22. Ve kim, özünü, iyiliklerde bulunarak Allah'a teslîm ederse gerçekten de o, şüphe yok ki sağlam bir kulpa yapışmıştır ve işler, sonucu, Allah tapısına varır.
23. Ve kim, kâfir olursa onun kâfirliği, tasalandırmasın seni; dönüp varacakları yer, bizim tapımızdır da ne yaptılarsa biz haber veririz onlara; şüphe yok ki Allah, gönüllerde ne varsa hepsini bilir.
24. Onları az bir müddet geçindiririz de sonra istemedikleri halde onları ağır bir azâba atarız.
25. Onlara, andolsun ki, gökleri ve yeryüzünü kim yarattı diye sorsan Allah derler mutlaka. De ki: Hamd Allah'a, hayır, onların çoğu bilmez.
26. Allah'ındır ne varsa göklerde ve yeryüzünde; şüphe yok ki Allah, müstağnîdir, hamde lâyıktır.
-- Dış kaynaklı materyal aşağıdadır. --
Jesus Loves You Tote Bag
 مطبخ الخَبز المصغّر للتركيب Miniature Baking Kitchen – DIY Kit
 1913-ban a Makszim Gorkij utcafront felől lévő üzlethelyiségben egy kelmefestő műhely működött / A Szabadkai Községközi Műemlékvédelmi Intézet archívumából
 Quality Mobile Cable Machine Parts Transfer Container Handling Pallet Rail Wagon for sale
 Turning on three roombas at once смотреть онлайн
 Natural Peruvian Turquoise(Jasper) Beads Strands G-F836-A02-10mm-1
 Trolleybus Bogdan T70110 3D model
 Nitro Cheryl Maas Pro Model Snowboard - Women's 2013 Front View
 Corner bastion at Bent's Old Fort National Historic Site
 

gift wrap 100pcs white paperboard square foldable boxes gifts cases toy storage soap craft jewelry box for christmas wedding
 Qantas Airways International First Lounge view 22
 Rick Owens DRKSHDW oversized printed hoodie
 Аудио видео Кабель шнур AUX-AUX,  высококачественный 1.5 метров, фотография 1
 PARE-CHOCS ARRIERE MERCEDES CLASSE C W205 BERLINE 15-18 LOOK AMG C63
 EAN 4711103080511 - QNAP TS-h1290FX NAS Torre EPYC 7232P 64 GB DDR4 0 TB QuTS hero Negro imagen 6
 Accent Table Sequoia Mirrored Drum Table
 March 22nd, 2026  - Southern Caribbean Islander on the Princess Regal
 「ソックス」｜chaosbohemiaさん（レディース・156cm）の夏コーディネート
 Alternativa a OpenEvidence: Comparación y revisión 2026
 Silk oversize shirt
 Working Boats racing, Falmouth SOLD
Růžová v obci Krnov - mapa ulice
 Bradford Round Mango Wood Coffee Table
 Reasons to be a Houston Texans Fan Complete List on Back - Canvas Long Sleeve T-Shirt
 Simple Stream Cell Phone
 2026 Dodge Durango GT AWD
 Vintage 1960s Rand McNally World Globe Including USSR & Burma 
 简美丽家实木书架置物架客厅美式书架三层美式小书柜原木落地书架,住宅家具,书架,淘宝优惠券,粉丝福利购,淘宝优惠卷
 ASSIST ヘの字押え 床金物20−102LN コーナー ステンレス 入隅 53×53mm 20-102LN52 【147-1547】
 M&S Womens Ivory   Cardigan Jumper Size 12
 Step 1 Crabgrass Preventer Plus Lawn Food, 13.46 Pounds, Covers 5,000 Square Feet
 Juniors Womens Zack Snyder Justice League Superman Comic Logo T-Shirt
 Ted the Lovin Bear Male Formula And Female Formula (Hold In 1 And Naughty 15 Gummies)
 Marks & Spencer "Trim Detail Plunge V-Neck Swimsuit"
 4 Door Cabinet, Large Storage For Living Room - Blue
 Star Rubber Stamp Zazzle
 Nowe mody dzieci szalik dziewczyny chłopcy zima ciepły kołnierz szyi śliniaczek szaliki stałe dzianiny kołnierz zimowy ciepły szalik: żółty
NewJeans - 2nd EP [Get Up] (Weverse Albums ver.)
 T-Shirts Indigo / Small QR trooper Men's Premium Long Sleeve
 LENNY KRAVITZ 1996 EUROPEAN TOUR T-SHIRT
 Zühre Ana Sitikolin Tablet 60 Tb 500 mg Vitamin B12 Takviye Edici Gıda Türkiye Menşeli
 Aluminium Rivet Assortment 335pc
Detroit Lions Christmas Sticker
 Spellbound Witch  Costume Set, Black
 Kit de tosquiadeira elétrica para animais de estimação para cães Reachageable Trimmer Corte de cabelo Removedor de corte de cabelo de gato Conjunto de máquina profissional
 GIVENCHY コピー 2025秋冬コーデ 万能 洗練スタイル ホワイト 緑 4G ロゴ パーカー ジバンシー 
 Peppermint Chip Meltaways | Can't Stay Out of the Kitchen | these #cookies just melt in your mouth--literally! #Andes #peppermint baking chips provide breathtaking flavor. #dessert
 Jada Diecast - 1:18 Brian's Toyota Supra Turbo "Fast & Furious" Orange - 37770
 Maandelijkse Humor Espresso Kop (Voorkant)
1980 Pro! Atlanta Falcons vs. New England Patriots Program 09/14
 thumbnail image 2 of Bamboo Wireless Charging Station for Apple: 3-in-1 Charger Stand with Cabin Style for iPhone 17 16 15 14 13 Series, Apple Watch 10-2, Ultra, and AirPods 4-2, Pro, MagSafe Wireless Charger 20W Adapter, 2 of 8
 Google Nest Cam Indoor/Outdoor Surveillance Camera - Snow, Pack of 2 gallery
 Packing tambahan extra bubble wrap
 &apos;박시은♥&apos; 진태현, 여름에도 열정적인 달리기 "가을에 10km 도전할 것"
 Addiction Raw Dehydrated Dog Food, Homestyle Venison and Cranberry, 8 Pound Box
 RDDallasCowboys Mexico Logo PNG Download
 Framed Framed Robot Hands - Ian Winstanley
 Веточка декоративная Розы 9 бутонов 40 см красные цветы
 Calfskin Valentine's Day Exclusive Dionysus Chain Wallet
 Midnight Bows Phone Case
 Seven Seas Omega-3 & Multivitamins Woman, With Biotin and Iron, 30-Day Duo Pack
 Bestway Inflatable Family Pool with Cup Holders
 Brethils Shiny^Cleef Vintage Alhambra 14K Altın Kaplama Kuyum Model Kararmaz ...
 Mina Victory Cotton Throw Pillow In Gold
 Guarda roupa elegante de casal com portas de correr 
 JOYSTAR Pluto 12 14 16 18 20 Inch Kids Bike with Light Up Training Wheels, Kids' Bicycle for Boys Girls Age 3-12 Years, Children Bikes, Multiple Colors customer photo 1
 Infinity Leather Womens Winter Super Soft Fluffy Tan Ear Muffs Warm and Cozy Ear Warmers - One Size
27. Yeryüzünde ne kadar ağaç varsa hepsi kalem, deniz de mürekkeb olsa ve bundan sonra da yedi deniz daha mürekkeb olup o denize katılsa gene Allah'ın sözleri yazılıp tükenmez; şüphe yok ki Allah, üstündür, hüküm ve hikmet sâhibidir.
28. Sizin yaratılışınız da, tekrar diriltilmeniz de bir kişinin yaratılması ve diriltilmesi gibidir ancak; şüphe yok ki Allah, duyar, görür.